RMS Queen Elizabeth 2 - the Last Great Clydebuilt liner
The Cunard liner RMS Queen Elizabeth 2, the most famous ship in the World, was launched from the shipyard of John Brown & Company at Clydebank, Scotland on 20th September 1967. Some of the first group of photographs in this set are from a remarkable collection taken by the late Mr William Davies of Glasgow in September 1967. It was almost 21 years after the new ship departed from the Clyde before she returned to the Clyde (in 1990). She returned on a few other occasions and, in 2007, forty years after her launch, the ship returned to Greenock Ocean Terminal on the Clyde on 20th September 2007 to celebrate the anniversary.
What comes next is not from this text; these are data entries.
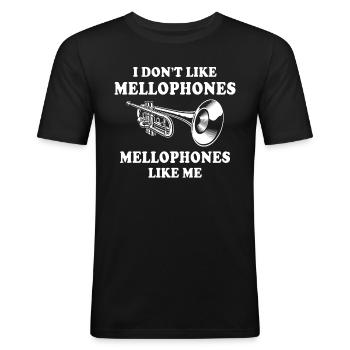 Mellophonspieler Mellophone - Männer Slim Fit T-Shirt - Schwarz - Vorne - Nik (191cm)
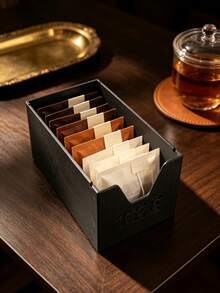 1/2 st nordisk teepåseförvaringsbox med utskuren TEE-logotyp, flerfacksorganisatör, platsbesparande förvaringsbehållare för bänkskiva för teepåsar och kaffepinnar till hem och kontor, presentalternativ - Svart - Visa 9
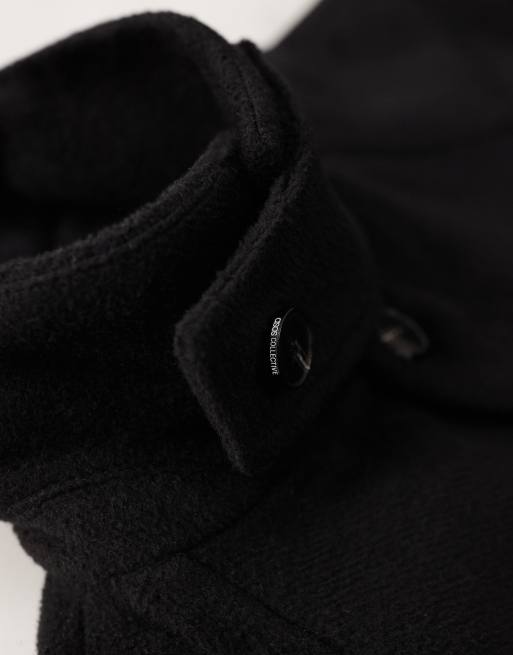ASOS COLLECTIVE - Sort overfrakke i uldblanding, 7 af 7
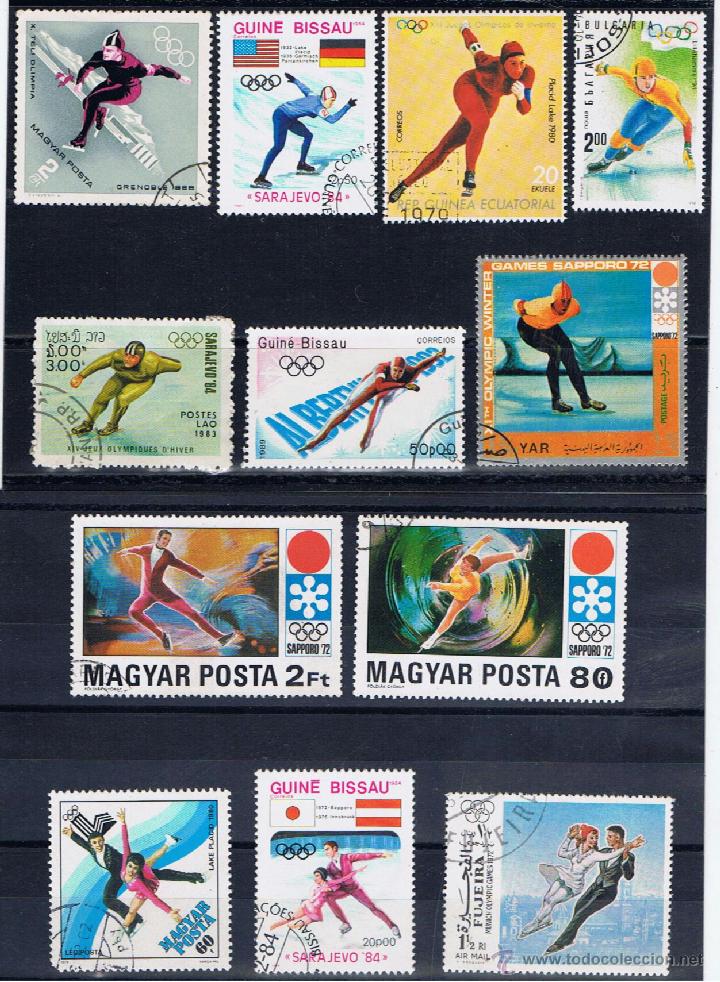 Briefmarken: mini lote 12 sellos usados patinaje artistico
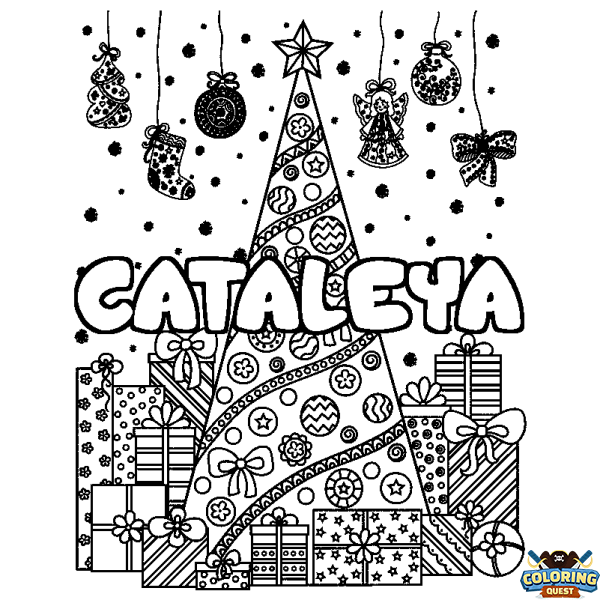 Coloring page first name CATALEYA - Christmas tree and presents background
After a gala day of events, including a 40th Birthday Fly-past Salute by the Red Arrows, the ship departed from Greenock at 18:00 hours. Many thousands of Clydesiders gathered to watch the last of the classic Clydebuilt liners depart. A set of images were taken from a vantage point aboard the veteran motor ship Balmoral which escorted theliner from Greenock to Innellan. 20th September 2007. Just over a year after her 40th anniversary vist to the Clyde, the liner returned to the river of her creation for the very last time as a few weeks later she made her last ever voyage, to the city of Dubai where she was to be converted to a static luxury hotel. Despite extremely poor weather through the majority of the summer of 2008 on the Clyde, the day of the last great Clydebuilt liner's final visit was a miraculously fine autumn day and tens of thousands of people lined the shores of the Firth of Clyde, aware that another chapter in the long maritime history of the Clyde was about to end.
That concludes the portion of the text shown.